(skip this header)

Darien News

Saturday, February 04, 2012

dariennewsonline.com Web Search by YAHOO! Businesses

« Back to Article

McMahon takes strong lead in GOP Senate race

Published 09:14 p.m., Tuesday, August 10, 2010
Comments (0)
Larger | Smaller
Email This
Font
Page 1 of 1

Well-heeled political newcomer Linda McMahon shot out to a comfortable lead over her two opponents in the high-stakes Republican U.S. Senate primary battle.

With 13 percent of precincts reporting, McMahon had 47 percent of the vote to 30 percent for former U.S. Rep. Rob Simmons and 23 percent for financial commentator Peter Schiff.

McMahon has anted up $22 million of her own money so far on a well-oiled campaign machine that has guided the self-proclaimed political outsider to insider status in the GOP. New Jersey Democrat Jon Corzine holds the record, dropping $60.2 million of his Goldman Sachs fortune on his successful run for Senate in 2000.

Critics of McMahon say her free spending is a double-edged sword because of the perception she is trying to buy the seat of retiring incumbent Christopher Dodd with money from an industry that has been rife with steroid use and has glorified violence -- professional wrestling.
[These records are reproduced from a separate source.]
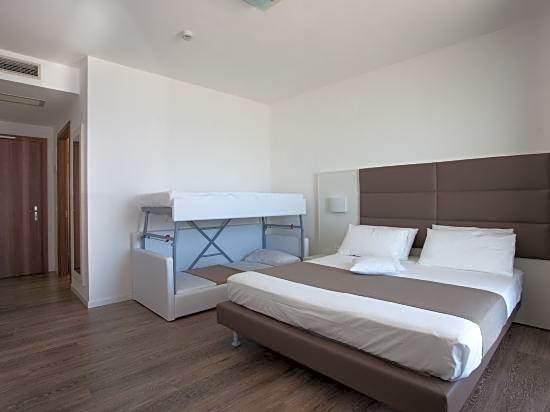 Hotel Columbia & Ninfea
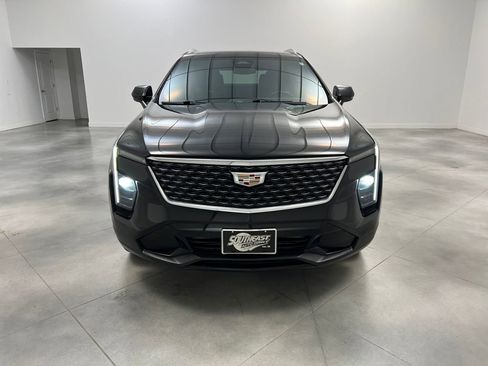Used 2024 Cadillac XT4 Premium Luxury image 2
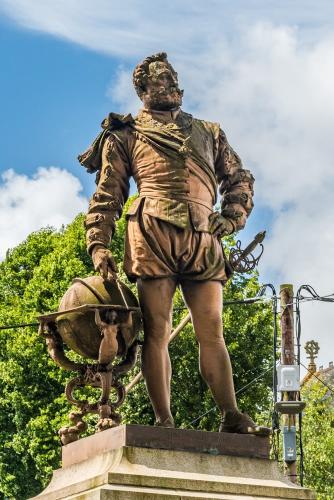Sir Francis Drake statue
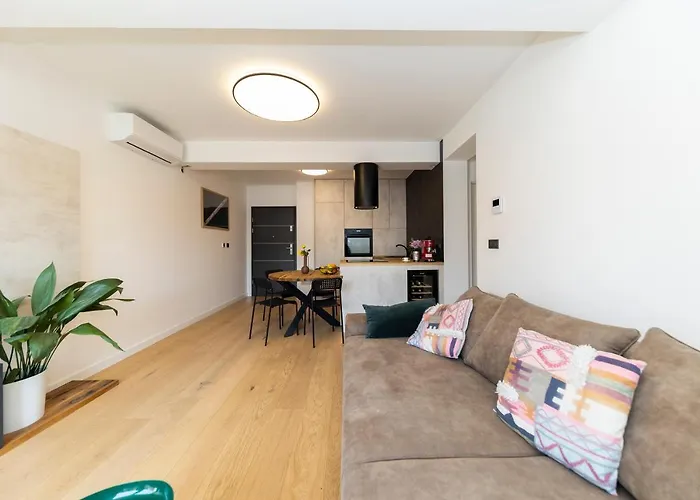 Pleasing Place Free Private Parking Appartamento Zara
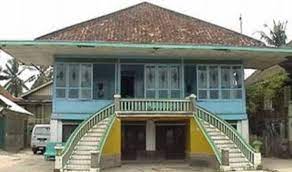 Mewarnai.my.id ~ rumah adat atau tradisional merupakan rumah yang dibangun dengan cara yang sama dari generasi kegenerasi dan tanpa atau dikit sekali mengalami perubahan. 7 Jenis Rumah Adat Sumatera Selatan Disertai Gambar Perbedaannya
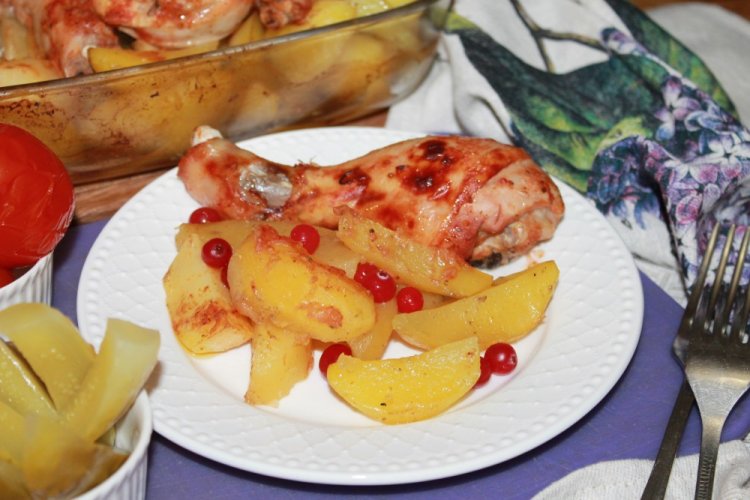 Muslos de pollo con patatas en tomate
But her return on investment is undeniable. This time last year, McMahon was but a blip on the radar of Republicans.

Quinnipiac University only started including McMahon in its Senate poll in November, when she trailed Simmons by 11 points in a hypothetical primary matchup. In six months, Simmons' lead evaporated.
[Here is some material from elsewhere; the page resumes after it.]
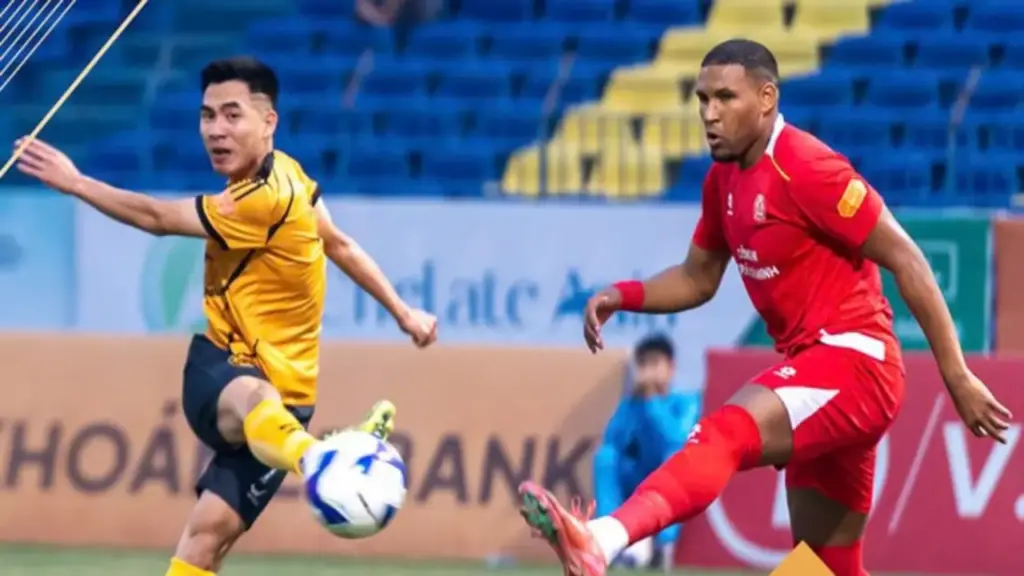 Lê Giang Patrik và… HLV Huỳnh Đức bất lực, Thanh Hóa 'hủy diệt' CLB CA TP.HCM với tỷ số choáng váng!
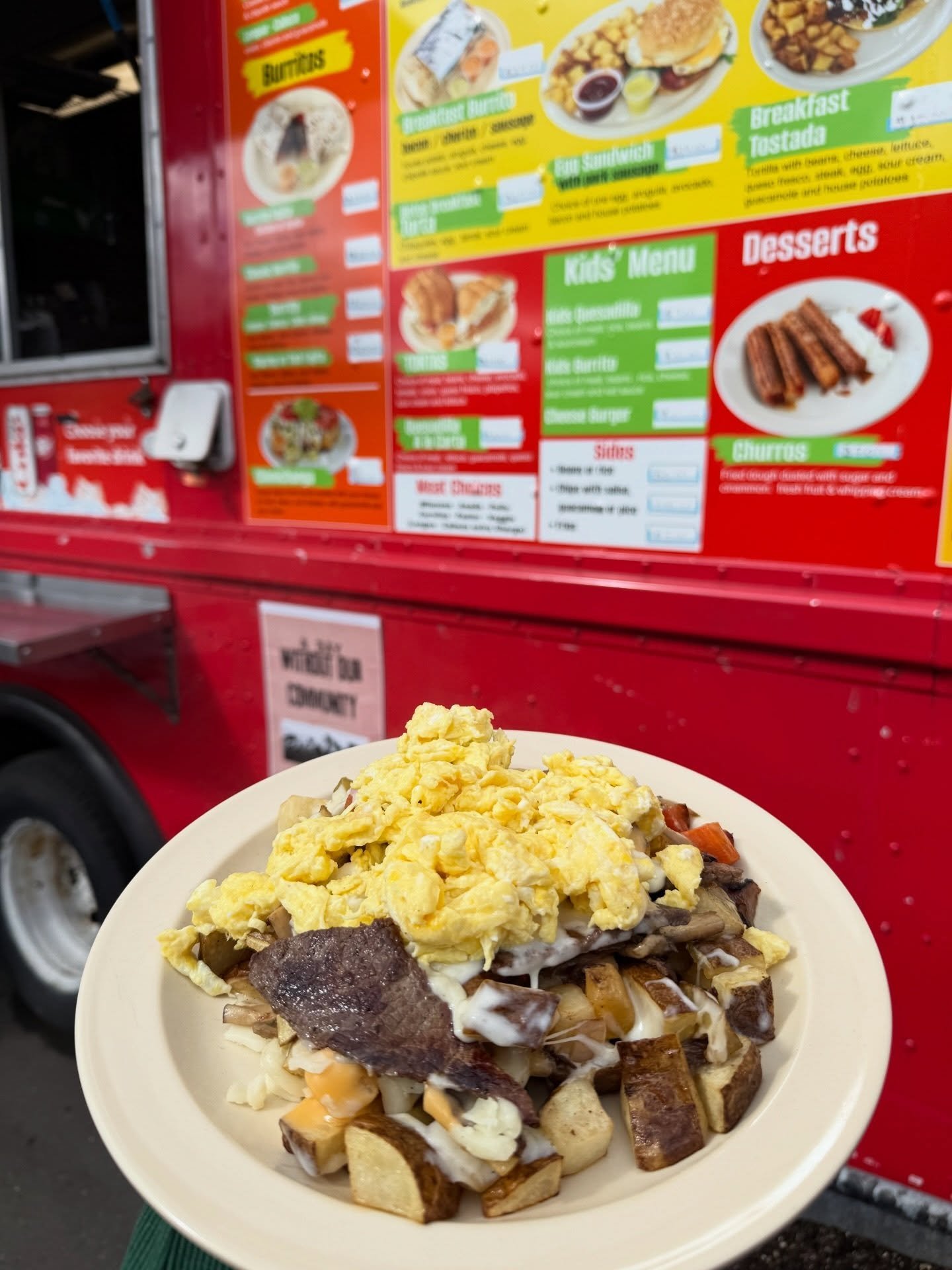 Happy Friday! 🌦️ Our weekend brunch at @havalinapdx is always available every Saturday and Sunday starting at 10am. Our Betos Hash comes with steak and your choice of eggs 🍳. The perfect way to start your weekend.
McMahon has saturated the airwaves with campaign commercials, promoting themes of job creation and fiscal restraint, values that she said she learned going through personal bankruptcy and building up a billion-dollar wrestling empire with her controversial husband, Vince.

McMahon has aimed much of her campaign resources at Democratic nominee, Richard Blumenthal, cutting the longtime attorney general's lead from 41 points in January to just 10 points last week.

Simmons, a Vietnam veteran, former CIA agent and one-time state legislator, appeared to have the party's nomination locked last year, after having barely lost his congressional seat in 2006 to Democrat Joe Courtney.

But by the time the convention rolled around in late May, McMahon had convinced delegates hungry for a long out-of-reach Senate seat and the end of Blumenthal's political career that she was the candidate to win in November.

"For him to be ditched at the convention after all these years of honest investment, by somebody who bought her way, threatened her way in...," said Simmons' wife, Heidi, "that convention was sickening to me, distressing to my children and his strong followers were stunned."

A few days after the convention, Simmons said he would leave his name on today's ballot, but suspend his campaign because he could not compete with McMahon's money. A few weeks ago, spurred on by decent poll numbers and well-wishes of supporters, he became more engaged in the race, granting interviews, participating in debates and launching modest television ads to, he said, remind voters he was on the ballot.

Name recognition haunted Schiff throughout the campaign, with 61 percent of likely voters saying they didn't know enough about the financial commentator and money manager in the most recent Quinnipiac poll, conducted less than a week before the primary.

Schiff positioned himself as an expert on the economy who predicted the financial meltdown when no one else would listen.

A seat in the Senate would fix that in his view, giving him a platform to push for a flat tax and for cuts to entitlement programs such as Medicare and Social Security. Those policies have made him a favorite of the tea party movement, blogosphere and former presidential candidate Steve Forbes.

But Schiff's appeal as a viable alternative to McMahon or Simmons never caught on in his home state, from which just 6 percent of his campaign donations originated.

Schiff was forced to petition his way onto the primary ballot after failing to garner the required 15 percent of delegates at the state GOP convention.